The Oxford American and Sarah M. Broom's "A Yellow House in New Orleans"


Oxford American

I'm late to the table on this one, but I finally got around to reading the last issue of the Oxford American, which always has some of the best writing and essays in the country, all from a Southern perspective. This one was the "Home Sweet Home" issue, and it had a fantastic essay by New Orleans native Sarah M. Broom, called "A Yellow House in New Orleans" -- in which Ms. Broom contemplates the destruction of her childhood home (4121 Wilson Ave., in New Orleans East) and compares its near-explosion in the aftermath of Katrina to the explosion of family secrets ("The yellow house always kept its dilapidation secret, lest the Broom clan’s business be all over the streets").

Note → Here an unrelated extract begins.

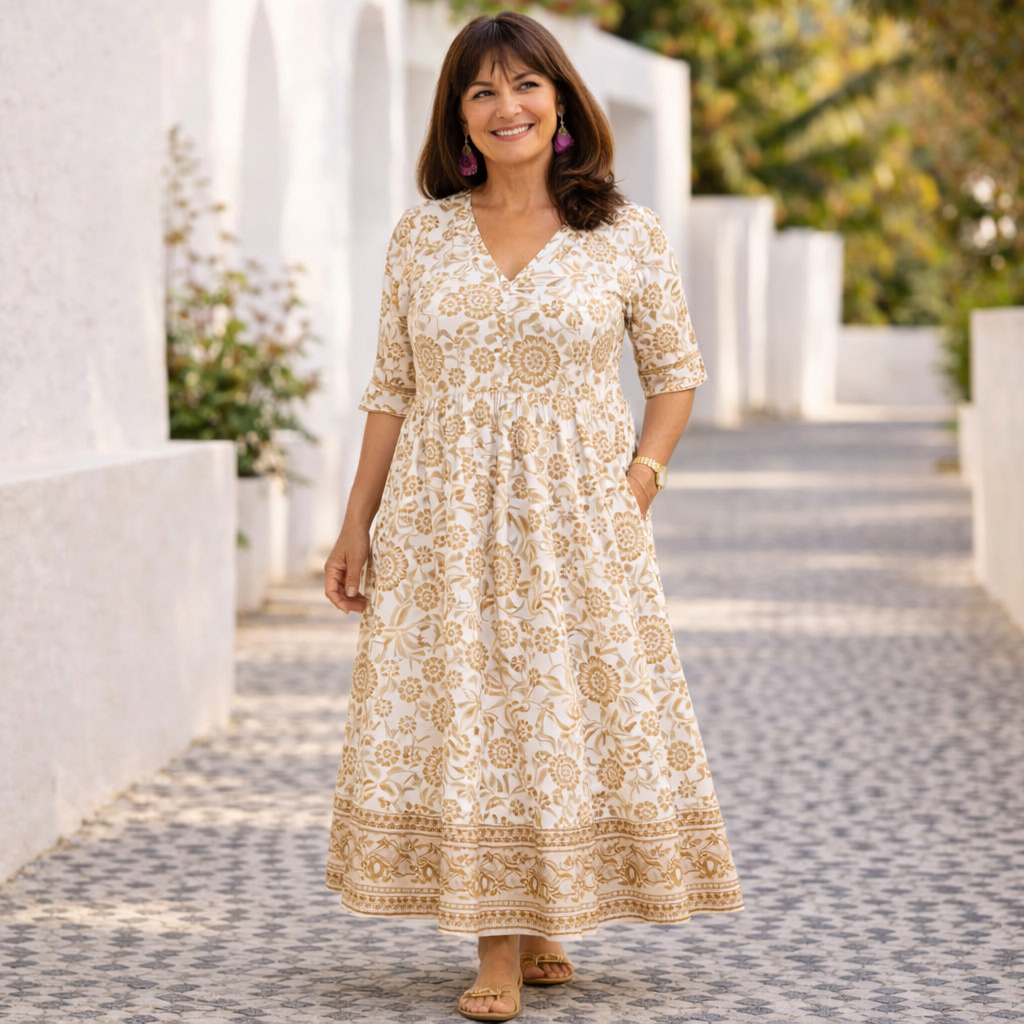 Elia | Vestito floreale elegante e fresco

This section really got to me, in which Sarah, now a New Yorker, finally goes home after the storm to take in what happened to her childhood house:

The front door was wide open; a skinny tree had angled its way inside. I entered the living room and took baby steps forward, afraid the weight of me might collapse it. The farthest I went was into the middle of the living room. It was all dust, wood chips, waterlines, but then also the light switch by the front door. Cream-colored with gold script around the edges. Pretty.

Somehow the house just looked more like itself. It was really so small. And sitting there all curvy-looking. I knew right then that it had fallen so that something in me could open up.

For so long, I have held that yellow house inside me. I have been at times shaken when it came to letting people near me because it would mean letting them near the unadulterated one, the real yellow house. I was a kid raised well (with class and hope but little money) and who grew up in a raggedy house. I never did need to be one or the other. I mean, who does not know that they are more than just a single adjective? But back then when I was eight, twelve, fifteen, I had no idea about the stupefying nature of dichotomy.

"The stupefying nature of dichotomy." I know what she means in my bones; I know what she means whenever I leave the house or drive the streets in New Orleans. Sarah M. Broom has produced a brilliant piece of writing. I hope you read it.